13. Links to install matrix and install.sh
If install.sh is not green yet, read that article first. If green but Docker fails, restart from the L1 matrix here. The three-stack matrix helps decide whether CLI belongs on host or in a sidecar.
14. Observability: annotate blast radius per compose project
When multiple compose projects share a host, label which project owns port 18789 and which owns webhook ingress. On-call should open a single page with that map instead of grepping Slack history.
15. Security note: token in env vs secret files
Environment variables appear in process listings and crash dumps. If your threat model forbids that, prefer secret files with correct volume permissions and remove env duplicates. Align with the Gateway attack-surface guide for bind addresses and reverse proxies.
16. CI parity: reproduce the failing namespace in GitHub Actions
Many teams only reproduce OpenClaw issues on laptops. Add a job that builds the same compose project and runs docker compose run --rm openclaw-cli openclaw channels probe so regressions in WS URLs are caught before merge. Cache images sensibly but still refresh tags when security patches land. If your CI runners cannot resolve Docker service names, document that limitation explicitly instead of silently falling back to 127.0.0.1, which hides the production failure mode.
17. Reverse proxies and WebSocket upgrade headers
When TLS terminates at nginx or Caddy, verify upgrade headers, idle timeouts, and buffering settings. A proxy that buffers WebSocket frames can look like random 1006 closes under load. Capture proxy access logs alongside OpenClaw logs and correlate timestamps. If you terminate TLS on the host while Gateway stays plain HTTP inside Docker, keep that diagram in the repo so new hires do not reintroduce double encryption or wrong scheme in OPENCLAW_GATEWAY_URL.

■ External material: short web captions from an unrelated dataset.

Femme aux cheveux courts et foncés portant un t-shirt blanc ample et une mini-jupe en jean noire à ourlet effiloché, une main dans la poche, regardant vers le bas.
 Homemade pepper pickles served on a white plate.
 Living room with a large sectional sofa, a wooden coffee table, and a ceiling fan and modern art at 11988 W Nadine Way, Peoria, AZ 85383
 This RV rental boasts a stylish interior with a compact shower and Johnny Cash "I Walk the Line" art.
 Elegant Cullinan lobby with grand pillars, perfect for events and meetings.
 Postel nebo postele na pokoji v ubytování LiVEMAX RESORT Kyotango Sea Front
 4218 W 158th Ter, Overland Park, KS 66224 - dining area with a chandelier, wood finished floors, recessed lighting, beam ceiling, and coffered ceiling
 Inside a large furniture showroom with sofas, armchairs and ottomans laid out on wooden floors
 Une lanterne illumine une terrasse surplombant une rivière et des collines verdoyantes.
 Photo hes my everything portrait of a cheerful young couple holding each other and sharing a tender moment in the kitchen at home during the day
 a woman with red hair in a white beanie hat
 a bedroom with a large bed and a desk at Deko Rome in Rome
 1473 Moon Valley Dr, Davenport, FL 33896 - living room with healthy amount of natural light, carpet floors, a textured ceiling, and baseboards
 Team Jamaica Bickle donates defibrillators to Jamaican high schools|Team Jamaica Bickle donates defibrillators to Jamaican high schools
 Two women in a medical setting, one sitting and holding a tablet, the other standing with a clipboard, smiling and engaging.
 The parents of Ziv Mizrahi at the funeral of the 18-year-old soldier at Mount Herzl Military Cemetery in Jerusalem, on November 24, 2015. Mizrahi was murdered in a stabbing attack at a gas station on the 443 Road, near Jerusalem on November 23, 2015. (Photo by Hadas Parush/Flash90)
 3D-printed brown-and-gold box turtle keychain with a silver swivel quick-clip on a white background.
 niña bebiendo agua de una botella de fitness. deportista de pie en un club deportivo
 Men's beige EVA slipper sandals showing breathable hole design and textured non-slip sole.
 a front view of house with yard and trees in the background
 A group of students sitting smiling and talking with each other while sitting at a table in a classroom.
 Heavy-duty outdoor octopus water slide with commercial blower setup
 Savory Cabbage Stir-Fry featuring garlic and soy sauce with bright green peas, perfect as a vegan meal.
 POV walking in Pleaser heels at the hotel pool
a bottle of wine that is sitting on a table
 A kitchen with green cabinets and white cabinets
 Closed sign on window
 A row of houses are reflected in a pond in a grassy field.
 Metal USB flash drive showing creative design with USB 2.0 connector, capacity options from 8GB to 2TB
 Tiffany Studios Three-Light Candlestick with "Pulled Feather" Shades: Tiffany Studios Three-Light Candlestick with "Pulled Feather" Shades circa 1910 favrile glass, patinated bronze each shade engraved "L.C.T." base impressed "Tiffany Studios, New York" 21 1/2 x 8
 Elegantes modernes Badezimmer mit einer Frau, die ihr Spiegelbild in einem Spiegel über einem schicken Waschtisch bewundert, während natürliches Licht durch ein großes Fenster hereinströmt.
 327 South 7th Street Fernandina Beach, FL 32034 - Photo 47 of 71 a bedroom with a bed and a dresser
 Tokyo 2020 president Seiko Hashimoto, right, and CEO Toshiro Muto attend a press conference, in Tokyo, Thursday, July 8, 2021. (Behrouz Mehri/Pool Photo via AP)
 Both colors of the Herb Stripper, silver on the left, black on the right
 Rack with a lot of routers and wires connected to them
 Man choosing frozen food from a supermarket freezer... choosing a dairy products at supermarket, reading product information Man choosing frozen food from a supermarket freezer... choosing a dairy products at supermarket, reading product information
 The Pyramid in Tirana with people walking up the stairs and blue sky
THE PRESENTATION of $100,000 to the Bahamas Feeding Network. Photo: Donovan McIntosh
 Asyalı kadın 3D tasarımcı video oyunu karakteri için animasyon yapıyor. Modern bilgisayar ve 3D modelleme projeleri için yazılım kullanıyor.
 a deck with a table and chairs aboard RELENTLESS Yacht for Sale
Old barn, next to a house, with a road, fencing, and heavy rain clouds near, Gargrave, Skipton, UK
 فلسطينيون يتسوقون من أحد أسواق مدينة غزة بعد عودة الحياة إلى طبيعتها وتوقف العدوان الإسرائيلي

18. Runbook handoff template for on-call
Paste the following into your incident template: compose project name, image tags, WS URL as seen from the failing namespace, output of env grep for OPENCLAW_ variables, output of volume path for gateway.auth.token, result of nc, and last twenty lines of gateway logs filtered by level. When legal or procurement blocks cloud GPUs, a documented remote Mac pool remains a pragmatic way to add stable Apple Silicon capacity for always-on agents without capital purchases.
19. Version skew between CLI and Gateway images
Splitting CLI and Gateway across different image tags is valid, but only when your release notes explicitly support that matrix. If the CLI adds a handshake field that the gateway build does not understand, you will see opaque disconnects that resemble networking bugs. Pin both images to the same release train during incidents, then bisect. Record the digests in your incident doc, not only floating tags. For remote Mac fleets, automate a weekly digest check so drift does not accumulate silently while engineers focus on feature work.
20. Documentation debt is operational debt
Every hour spent rediscovering 127.0.0.1 semantics is an hour not spent improving prompts or tools. Invest once in a one-page topology and link it from README, runbooks, and onboarding. When executives ask whether OpenClaw is production ready, hand them the probe log and the compose digest, not a verbal assurance. Remote Mac rental does not remove the need for good docs, but it does give you a stable place to host the canonical stack that matches what production actually runs.
21. Post-incident review prompts
After closing a gateway incident, answer five questions in writing: which namespace initiated the CLI, which file or env variable ultimately held the token, whether pairing was attempted before token edits, whether any proxy sat on the path, and which compose digest was live during the outage. Missing any one answer usually means the incident will repeat under a different symptom string next quarter.
Finally, treat macOS minor upgrades on remote hosts as semver bumps for your stack: rerun probe and nc checks after each upgrade window before declaring the fleet healthy again.